I am trying to remain liquid, loosely connected to others, heading the same general direction. I am specifically not trying to solidify relationships — build deep trust — before getting something done with others.
So, my general recommendation is that people should favor loose connectives — social networks with less tight ties — that rely only on swift trust. If and when you establish deep trust with individuals, perhaps during short-term, swift trust-based projects, then perhaps your can form a collective, where the principles shared common, long-term purpose.

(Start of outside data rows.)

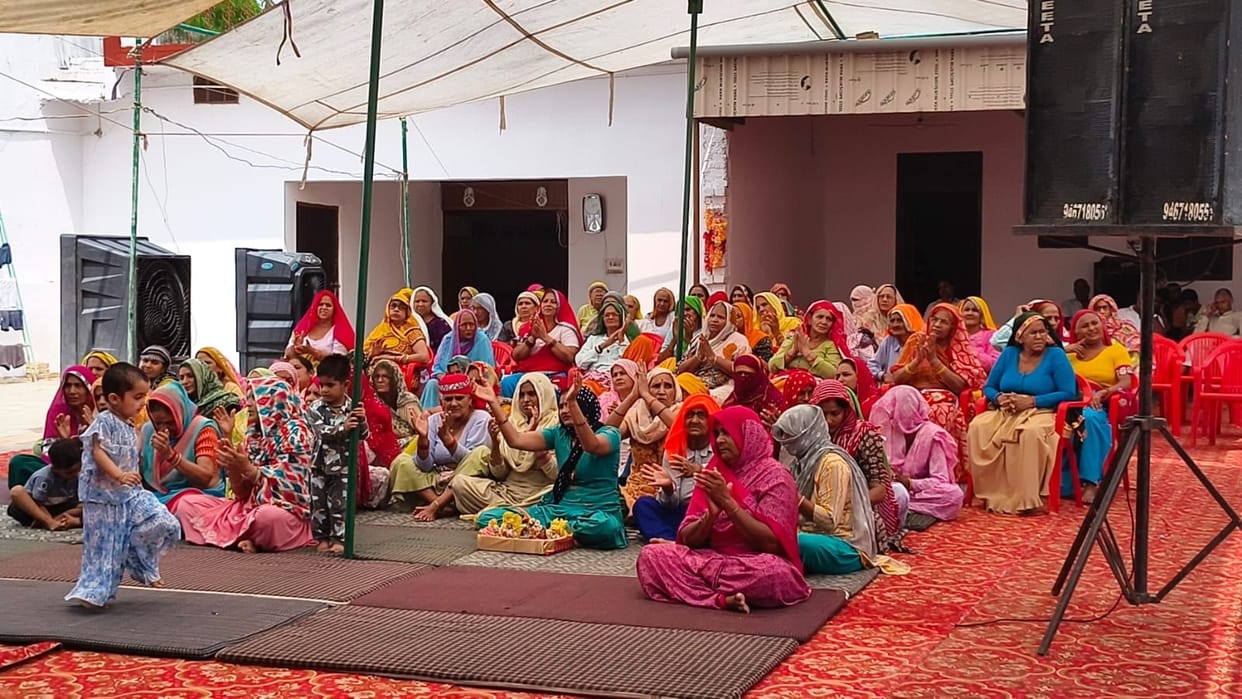 Crowd of devotees surges on the third day of the Bhagwat Katha.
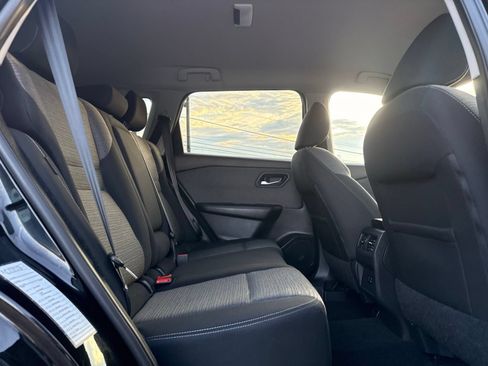 Used 2021 Nissan Rogue SV FWD image 32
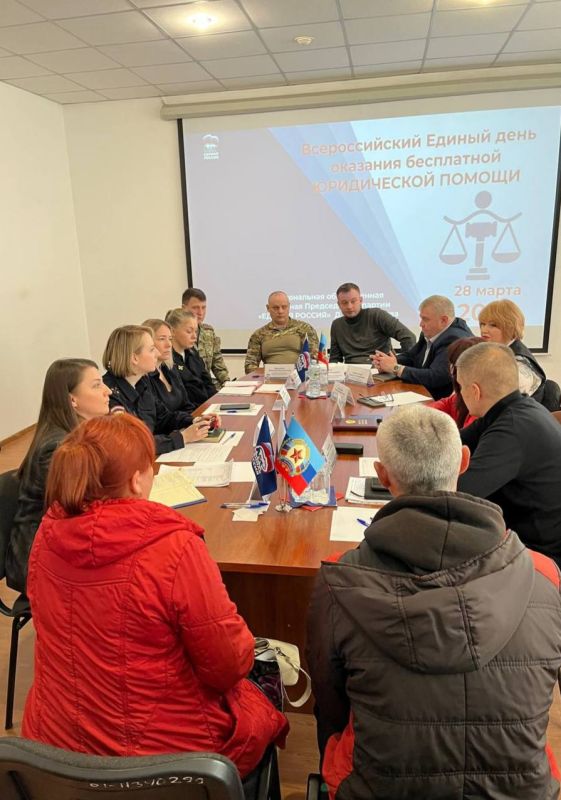 Министр юстиции Андрей Гребенщиков принял участие в совместном приеме граждан Министр юстиции Андрей Гребенщиков принял участие в совместном приеме граждан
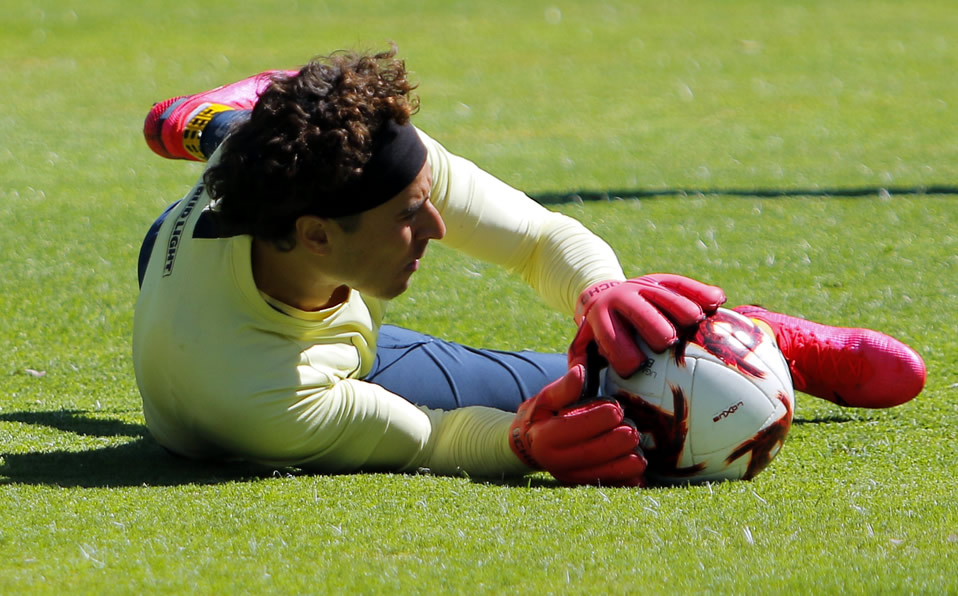 Guillermo Ochoa (Imago7)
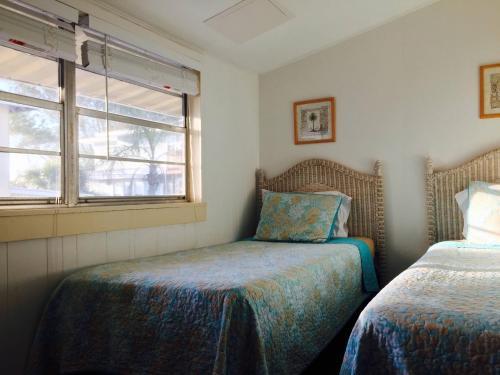 Sun N Fun Beachfront Vacation Rentals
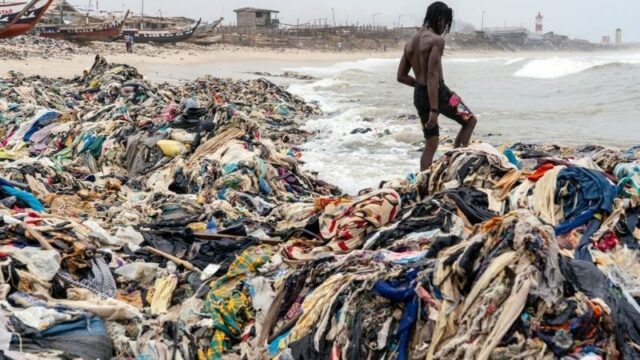 Gunung sampah yang terdiri dari limbah pakaian bekas ditemukan di tepi pantai Afrika. Hal itu disebut berasal dari impor luar negeri.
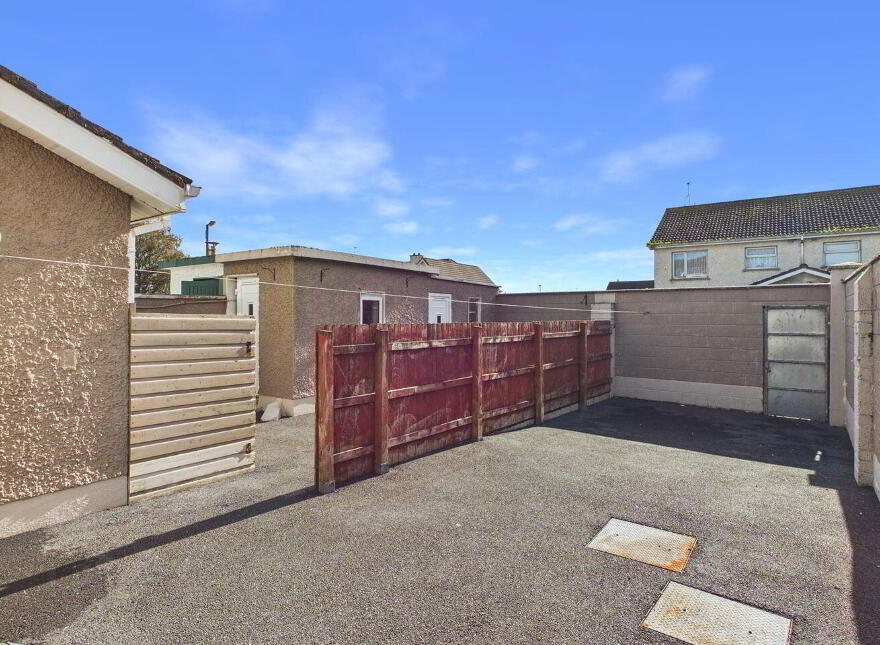 13 St. Laurence's Fields, Loughrea, H62YP20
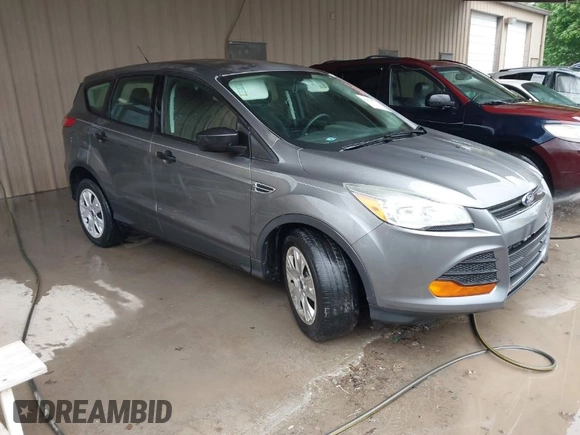 2014 Ford Escape S with VIN 1FMCU0F71EUC16148, listed as a IAAI auction lot 42025551 with 105,274 mi miles. Bid and sale history available at carsss.com. Image 1.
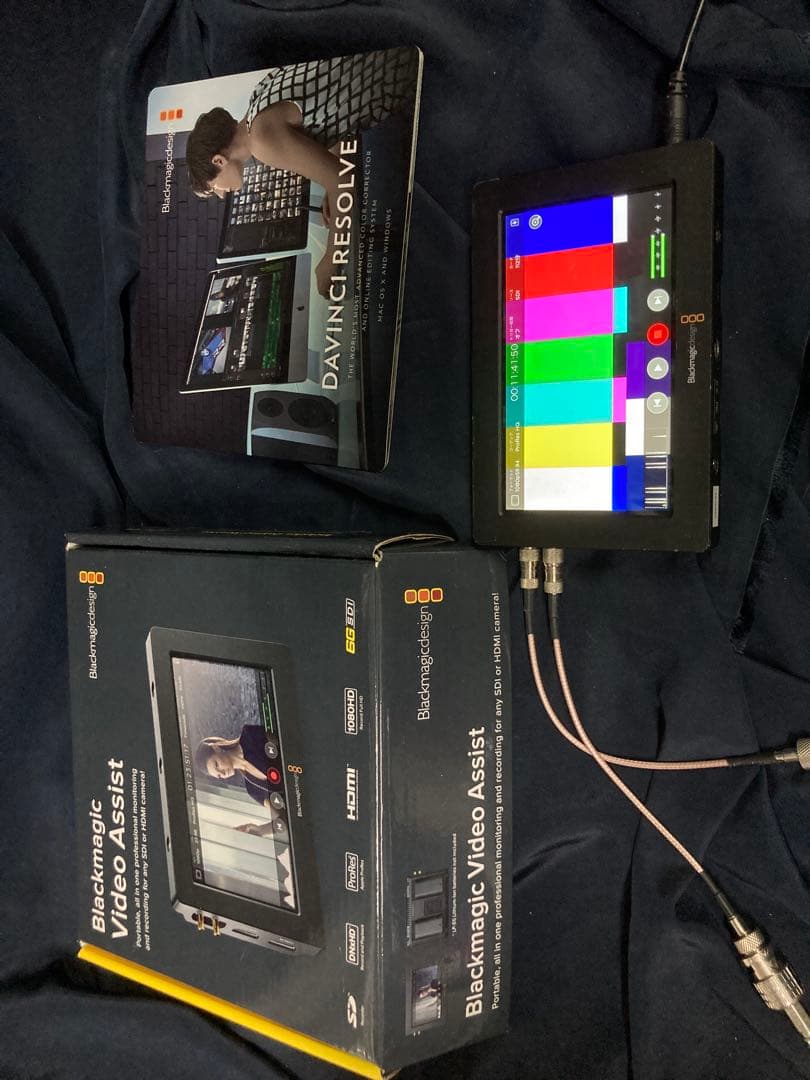 Blackmagic Video Assist 5インチフルHDモニター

But such collectives are not a higher form of human solidarity that we should aspire to, and are not what we have to build in order to get big things done. On the contrary. An increasing proportion of professional work is being performed by freelancers, who live in a short-term project based economy. Why should I have to agree on a long term strategic vision about the future of work media just to work with other researchers on the state of that industry, for example? Or to take the example of the city, all the stores on Main Street do not have to agree to not compete with each other, or to pool their profits, or even to paint their storefronts the same color.
The costs of deep trust are too high, in general, for what they return. This is one reason that work is changing so quickly. Companies are loosening their hold on employees, providing them more autonomy, relaxing the requirements for deep trust: becoming more like cities and less like traditional armies, with everyone is made to march in step, and pointed in the same direction, all the time.